» **Information**:
★ ★ ★ ★

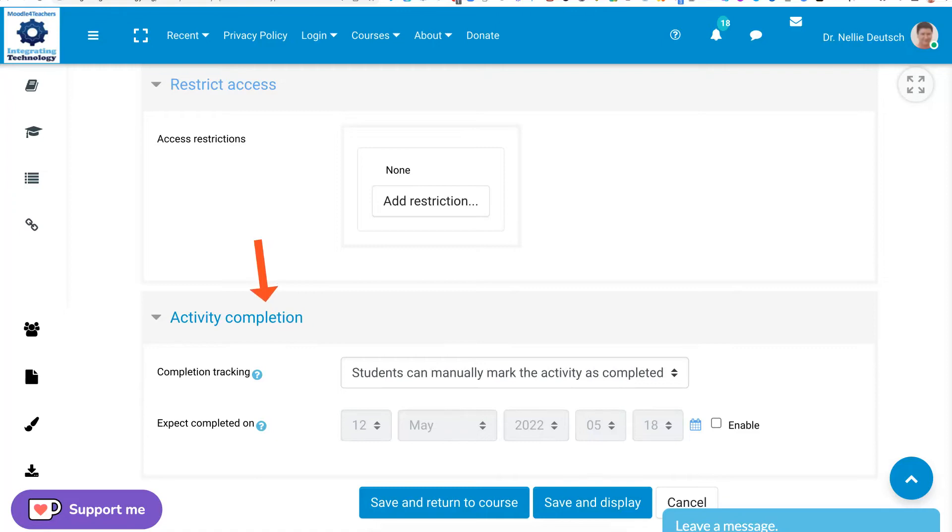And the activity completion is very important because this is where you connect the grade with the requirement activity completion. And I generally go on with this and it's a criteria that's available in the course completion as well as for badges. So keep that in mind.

★ ★ ★ ★

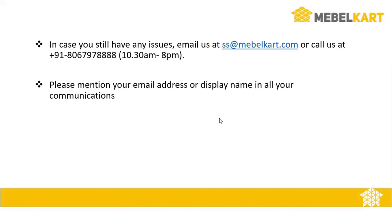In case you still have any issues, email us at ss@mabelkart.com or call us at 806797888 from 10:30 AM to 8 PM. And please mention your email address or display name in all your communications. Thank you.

★ ★ ★ ★

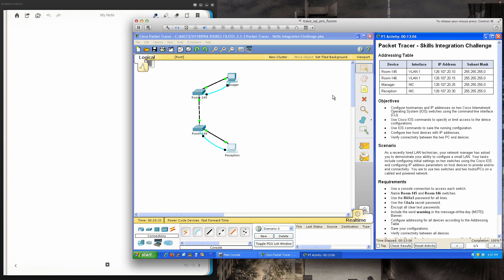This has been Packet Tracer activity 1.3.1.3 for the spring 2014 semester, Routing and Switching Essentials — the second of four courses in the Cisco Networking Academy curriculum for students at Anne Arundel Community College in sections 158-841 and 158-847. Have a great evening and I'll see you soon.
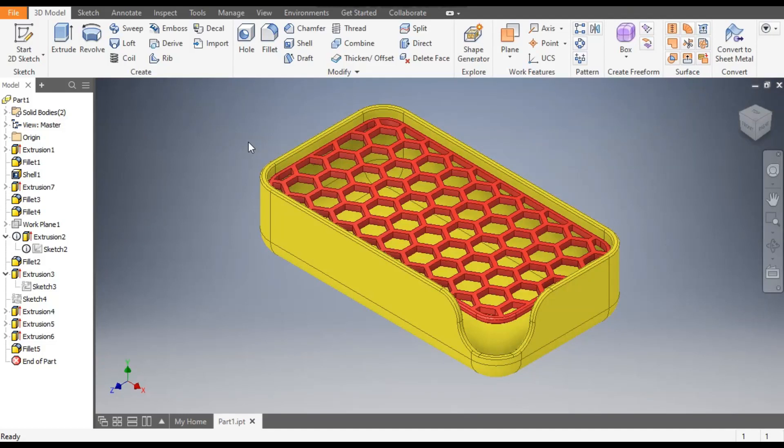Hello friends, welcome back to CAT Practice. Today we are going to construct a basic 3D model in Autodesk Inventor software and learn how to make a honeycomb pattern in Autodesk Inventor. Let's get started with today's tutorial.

★ ★ ★ ★

» **Exercise description**:
Set the pictures aside and reproduce exactly the lines above, from the line holding "This has been" through the line holding "Hello friends, welcome", both included, with nothing else.

» **Output for this exercise**:
This has been Packet Tracer activity 1.3.1.3 for the spring 2014 semester, Routing and Switching Essentials — the second of four courses in the Cisco Networking Academy curriculum for students at Anne Arundel Community College in sections 158-841 and 158-847. Have a great evening and I'll see you soon.
Hello friends, welcome back to CAT Practice. Today we are going to construct a basic 3D model in Autodesk Inventor software and learn how to make a honeycomb pattern in Autodesk Inventor. Let's get started with today's tutorial.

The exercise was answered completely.